(Goal of the exercise) From the line that includes "Conjunto de muebles" to the closing line of the data, please transcribe every line exactly and add nothing.
============
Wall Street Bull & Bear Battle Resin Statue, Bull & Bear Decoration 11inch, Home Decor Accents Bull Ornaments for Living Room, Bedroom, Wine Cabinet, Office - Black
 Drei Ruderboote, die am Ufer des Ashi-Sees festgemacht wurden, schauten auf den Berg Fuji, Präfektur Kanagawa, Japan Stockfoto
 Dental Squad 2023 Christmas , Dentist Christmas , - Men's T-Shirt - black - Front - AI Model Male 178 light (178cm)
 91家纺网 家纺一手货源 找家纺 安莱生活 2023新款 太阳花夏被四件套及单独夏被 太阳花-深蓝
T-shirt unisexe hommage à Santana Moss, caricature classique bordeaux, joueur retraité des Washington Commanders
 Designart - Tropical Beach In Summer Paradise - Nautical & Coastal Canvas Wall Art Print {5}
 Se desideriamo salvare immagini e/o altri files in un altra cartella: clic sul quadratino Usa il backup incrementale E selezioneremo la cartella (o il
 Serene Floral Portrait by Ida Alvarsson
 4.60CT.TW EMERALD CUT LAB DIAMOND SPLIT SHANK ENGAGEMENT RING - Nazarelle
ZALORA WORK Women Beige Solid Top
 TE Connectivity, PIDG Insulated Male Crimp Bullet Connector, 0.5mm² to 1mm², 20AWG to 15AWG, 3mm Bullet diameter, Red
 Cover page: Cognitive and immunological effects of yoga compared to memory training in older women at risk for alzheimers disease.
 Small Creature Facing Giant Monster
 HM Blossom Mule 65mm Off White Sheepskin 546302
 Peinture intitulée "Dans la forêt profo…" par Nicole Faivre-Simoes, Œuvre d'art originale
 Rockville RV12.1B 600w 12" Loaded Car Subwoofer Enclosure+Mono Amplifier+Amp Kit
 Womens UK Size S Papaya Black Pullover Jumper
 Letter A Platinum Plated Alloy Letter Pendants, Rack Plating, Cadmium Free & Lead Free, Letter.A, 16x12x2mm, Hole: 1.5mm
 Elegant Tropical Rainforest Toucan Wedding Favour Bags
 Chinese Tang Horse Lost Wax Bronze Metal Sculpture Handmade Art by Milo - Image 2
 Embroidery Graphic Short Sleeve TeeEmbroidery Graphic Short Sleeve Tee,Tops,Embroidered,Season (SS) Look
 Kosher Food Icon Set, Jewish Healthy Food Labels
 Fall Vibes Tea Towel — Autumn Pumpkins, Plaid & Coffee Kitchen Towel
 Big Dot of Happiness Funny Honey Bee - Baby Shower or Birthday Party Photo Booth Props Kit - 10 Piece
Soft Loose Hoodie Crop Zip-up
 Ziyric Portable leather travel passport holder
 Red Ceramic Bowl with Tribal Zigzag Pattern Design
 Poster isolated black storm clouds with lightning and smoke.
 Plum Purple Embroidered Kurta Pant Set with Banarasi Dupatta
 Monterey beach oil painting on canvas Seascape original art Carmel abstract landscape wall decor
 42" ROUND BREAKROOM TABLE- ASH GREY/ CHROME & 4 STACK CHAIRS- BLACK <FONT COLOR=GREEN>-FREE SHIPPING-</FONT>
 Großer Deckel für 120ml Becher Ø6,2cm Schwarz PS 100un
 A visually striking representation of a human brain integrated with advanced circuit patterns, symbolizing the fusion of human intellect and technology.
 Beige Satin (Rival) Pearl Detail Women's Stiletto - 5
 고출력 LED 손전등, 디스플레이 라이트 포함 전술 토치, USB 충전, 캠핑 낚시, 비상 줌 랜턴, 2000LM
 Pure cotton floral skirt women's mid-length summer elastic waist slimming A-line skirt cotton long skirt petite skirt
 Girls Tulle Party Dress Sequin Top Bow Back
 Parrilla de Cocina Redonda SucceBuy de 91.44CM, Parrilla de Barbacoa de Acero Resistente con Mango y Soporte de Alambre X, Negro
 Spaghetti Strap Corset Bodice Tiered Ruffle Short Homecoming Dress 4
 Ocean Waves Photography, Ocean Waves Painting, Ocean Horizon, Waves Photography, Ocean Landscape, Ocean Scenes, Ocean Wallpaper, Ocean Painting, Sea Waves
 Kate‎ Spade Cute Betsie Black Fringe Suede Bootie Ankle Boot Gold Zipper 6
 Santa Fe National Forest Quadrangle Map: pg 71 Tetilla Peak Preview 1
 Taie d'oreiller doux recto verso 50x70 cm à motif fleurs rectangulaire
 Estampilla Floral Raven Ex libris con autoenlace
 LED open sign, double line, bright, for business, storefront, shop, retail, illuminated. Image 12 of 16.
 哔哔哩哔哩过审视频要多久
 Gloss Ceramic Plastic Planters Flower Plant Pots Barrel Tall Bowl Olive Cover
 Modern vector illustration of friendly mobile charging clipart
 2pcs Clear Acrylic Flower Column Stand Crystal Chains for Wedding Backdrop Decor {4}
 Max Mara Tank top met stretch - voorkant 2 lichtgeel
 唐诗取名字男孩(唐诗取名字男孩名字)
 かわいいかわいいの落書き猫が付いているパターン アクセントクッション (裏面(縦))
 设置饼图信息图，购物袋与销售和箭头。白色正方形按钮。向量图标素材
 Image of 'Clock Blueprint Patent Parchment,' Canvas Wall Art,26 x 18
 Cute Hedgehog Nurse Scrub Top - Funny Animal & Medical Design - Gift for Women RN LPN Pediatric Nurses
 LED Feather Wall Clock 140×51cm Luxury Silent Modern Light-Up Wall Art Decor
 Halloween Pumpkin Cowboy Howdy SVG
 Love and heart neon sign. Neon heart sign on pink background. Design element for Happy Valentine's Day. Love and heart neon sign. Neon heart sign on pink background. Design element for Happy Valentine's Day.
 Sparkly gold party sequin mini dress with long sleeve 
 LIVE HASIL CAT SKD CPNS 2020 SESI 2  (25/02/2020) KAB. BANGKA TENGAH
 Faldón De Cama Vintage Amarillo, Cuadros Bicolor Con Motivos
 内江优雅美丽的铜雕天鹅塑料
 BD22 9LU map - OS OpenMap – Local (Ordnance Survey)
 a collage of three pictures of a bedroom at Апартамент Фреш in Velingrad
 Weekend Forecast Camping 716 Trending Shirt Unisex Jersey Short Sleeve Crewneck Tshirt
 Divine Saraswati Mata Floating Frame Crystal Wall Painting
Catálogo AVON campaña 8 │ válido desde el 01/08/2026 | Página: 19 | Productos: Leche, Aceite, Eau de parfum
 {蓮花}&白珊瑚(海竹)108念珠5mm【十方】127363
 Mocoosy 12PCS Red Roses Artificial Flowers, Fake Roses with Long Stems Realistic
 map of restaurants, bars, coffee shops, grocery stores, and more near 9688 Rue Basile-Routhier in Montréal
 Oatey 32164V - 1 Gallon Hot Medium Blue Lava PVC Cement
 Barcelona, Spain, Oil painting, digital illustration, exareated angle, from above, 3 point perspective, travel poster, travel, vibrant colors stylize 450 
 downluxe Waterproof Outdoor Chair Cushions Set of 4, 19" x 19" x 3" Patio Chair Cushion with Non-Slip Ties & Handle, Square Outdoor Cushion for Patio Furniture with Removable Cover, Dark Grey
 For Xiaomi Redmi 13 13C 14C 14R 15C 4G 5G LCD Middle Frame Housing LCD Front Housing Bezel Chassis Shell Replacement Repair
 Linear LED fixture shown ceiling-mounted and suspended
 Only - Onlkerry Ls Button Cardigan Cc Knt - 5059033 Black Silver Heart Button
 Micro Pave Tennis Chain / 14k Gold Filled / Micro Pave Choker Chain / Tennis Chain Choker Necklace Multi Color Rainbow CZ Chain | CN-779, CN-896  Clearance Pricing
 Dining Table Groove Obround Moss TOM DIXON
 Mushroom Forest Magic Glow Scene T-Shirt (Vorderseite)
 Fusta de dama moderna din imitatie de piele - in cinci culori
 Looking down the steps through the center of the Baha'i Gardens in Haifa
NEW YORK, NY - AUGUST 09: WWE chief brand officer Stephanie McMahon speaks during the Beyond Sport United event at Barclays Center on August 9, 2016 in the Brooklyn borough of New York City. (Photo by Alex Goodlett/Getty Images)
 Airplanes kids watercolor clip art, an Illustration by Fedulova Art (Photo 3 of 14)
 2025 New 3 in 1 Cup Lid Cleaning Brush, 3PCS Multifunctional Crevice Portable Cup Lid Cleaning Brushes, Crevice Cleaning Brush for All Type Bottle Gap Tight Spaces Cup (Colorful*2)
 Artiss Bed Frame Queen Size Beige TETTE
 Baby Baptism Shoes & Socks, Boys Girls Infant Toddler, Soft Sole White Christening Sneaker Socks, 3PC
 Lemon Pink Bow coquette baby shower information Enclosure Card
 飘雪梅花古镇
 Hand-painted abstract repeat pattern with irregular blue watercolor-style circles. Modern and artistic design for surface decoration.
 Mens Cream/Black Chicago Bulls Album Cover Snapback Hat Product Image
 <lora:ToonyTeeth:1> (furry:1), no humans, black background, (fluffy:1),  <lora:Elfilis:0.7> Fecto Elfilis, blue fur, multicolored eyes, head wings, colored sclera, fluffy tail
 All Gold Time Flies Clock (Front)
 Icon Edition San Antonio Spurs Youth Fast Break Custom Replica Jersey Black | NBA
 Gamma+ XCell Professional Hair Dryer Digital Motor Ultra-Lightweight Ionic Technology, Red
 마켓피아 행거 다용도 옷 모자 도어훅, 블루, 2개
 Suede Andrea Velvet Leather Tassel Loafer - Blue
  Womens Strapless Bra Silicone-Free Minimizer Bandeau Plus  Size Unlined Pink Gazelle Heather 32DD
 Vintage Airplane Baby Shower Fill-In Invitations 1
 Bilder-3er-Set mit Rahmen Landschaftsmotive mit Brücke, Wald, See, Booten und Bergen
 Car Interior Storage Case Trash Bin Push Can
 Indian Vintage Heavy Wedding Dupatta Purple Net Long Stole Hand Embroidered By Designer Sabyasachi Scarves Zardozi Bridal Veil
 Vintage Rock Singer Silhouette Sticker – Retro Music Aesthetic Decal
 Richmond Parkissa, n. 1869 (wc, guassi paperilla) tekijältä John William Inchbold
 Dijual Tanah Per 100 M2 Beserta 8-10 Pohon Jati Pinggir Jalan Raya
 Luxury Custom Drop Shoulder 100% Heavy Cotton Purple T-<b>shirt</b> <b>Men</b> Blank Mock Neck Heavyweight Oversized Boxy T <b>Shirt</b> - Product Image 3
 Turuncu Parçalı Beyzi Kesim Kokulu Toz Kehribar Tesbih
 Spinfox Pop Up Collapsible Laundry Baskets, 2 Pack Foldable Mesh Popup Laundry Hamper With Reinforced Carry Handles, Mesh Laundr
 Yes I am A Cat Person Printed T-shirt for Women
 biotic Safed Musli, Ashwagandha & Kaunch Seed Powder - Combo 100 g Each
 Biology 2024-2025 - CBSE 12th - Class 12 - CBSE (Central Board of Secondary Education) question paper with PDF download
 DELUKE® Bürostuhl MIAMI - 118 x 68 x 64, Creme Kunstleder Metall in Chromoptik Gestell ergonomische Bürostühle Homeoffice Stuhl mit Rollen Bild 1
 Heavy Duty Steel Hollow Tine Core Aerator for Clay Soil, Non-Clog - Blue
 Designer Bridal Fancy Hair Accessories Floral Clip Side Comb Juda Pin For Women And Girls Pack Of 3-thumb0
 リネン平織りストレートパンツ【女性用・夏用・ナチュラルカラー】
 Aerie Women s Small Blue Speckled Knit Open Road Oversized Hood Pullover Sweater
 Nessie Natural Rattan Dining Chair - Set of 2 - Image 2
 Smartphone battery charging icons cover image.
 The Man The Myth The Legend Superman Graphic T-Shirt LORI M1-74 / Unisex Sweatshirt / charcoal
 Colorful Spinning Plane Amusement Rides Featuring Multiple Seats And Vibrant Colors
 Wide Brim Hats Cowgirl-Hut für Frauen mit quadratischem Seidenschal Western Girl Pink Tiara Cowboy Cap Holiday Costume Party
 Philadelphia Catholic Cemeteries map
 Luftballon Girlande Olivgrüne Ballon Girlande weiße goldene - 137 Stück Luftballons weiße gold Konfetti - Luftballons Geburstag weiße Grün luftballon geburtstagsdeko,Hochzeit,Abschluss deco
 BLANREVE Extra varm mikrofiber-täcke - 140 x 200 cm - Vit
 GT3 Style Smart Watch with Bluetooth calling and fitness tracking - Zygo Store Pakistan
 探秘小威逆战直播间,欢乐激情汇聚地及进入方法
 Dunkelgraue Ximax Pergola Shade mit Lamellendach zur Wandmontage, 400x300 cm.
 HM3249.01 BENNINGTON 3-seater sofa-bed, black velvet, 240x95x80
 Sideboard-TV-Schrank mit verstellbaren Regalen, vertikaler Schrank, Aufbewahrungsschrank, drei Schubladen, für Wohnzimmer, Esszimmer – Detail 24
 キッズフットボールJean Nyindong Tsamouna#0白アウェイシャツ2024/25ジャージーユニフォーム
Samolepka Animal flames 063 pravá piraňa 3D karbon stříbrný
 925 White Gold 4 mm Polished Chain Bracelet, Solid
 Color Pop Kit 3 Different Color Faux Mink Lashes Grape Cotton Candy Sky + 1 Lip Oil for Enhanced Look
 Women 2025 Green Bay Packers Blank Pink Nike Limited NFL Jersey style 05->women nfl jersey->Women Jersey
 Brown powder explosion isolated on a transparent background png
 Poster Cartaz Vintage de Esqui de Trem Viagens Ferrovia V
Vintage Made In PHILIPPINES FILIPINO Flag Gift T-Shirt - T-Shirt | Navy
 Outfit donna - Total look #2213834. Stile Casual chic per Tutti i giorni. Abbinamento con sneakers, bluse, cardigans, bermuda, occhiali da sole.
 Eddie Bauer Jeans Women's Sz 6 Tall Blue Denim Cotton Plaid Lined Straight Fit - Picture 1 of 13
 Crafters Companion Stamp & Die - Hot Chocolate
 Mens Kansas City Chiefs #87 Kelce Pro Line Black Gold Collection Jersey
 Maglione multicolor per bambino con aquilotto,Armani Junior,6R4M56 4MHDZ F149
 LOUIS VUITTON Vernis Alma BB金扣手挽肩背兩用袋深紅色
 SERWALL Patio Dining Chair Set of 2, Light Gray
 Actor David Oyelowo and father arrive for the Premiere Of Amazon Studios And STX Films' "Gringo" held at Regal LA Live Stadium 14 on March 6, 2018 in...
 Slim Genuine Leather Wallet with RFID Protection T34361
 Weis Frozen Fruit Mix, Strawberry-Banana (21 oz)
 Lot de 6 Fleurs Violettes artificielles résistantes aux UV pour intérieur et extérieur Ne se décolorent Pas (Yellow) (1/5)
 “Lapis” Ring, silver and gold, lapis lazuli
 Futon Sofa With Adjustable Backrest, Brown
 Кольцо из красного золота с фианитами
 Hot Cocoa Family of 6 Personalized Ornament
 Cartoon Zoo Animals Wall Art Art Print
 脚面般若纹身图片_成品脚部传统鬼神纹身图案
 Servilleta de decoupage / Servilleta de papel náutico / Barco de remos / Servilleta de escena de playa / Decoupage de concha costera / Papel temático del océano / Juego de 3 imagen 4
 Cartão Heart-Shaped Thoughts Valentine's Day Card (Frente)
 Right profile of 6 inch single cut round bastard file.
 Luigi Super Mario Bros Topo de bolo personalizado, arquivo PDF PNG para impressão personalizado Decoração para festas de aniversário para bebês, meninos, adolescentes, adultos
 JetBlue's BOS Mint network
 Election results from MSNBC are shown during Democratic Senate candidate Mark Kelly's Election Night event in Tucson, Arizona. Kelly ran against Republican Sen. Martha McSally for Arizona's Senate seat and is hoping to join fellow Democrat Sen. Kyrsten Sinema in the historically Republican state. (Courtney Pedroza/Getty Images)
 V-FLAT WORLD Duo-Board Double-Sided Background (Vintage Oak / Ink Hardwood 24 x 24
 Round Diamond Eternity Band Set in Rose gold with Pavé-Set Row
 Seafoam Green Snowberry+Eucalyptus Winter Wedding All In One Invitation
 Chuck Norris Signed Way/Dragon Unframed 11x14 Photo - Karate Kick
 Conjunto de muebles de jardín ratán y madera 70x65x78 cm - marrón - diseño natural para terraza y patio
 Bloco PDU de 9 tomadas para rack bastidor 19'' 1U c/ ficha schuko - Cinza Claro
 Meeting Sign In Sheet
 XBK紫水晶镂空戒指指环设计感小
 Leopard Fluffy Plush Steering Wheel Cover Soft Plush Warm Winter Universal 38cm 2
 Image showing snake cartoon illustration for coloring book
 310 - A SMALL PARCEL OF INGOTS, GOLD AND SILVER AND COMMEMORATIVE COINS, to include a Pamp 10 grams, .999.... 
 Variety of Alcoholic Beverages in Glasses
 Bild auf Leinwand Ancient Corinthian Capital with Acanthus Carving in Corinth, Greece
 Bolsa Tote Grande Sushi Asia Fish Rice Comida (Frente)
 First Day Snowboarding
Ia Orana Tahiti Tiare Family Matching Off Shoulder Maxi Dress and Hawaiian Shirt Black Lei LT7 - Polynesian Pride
============
(Response area)
 Conjunto de muebles de jardín ratán y madera 70x65x78 cm - marrón - diseño natural para terraza y patio
 Bloco PDU de 9 tomadas para rack bastidor 19'' 1U c/ ficha schuko - Cinza Claro
 Meeting Sign In Sheet
 XBK紫水晶镂空戒指指环设计感小
 Leopard Fluffy Plush Steering Wheel Cover Soft Plush Warm Winter Universal 38cm 2
 Image showing snake cartoon illustration for coloring book
 310 - A SMALL PARCEL OF INGOTS, GOLD AND SILVER AND COMMEMORATIVE COINS, to include a Pamp 10 grams, .999.... 
 Variety of Alcoholic Beverages in Glasses
 Bild auf Leinwand Ancient Corinthian Capital with Acanthus Carving in Corinth, Greece
 Bolsa Tote Grande Sushi Asia Fish Rice Comida (Frente)
 First Day Snowboarding
Ia Orana Tahiti Tiare Family Matching Off Shoulder Maxi Dress and Hawaiian Shirt Black Lei LT7 - Polynesian Pride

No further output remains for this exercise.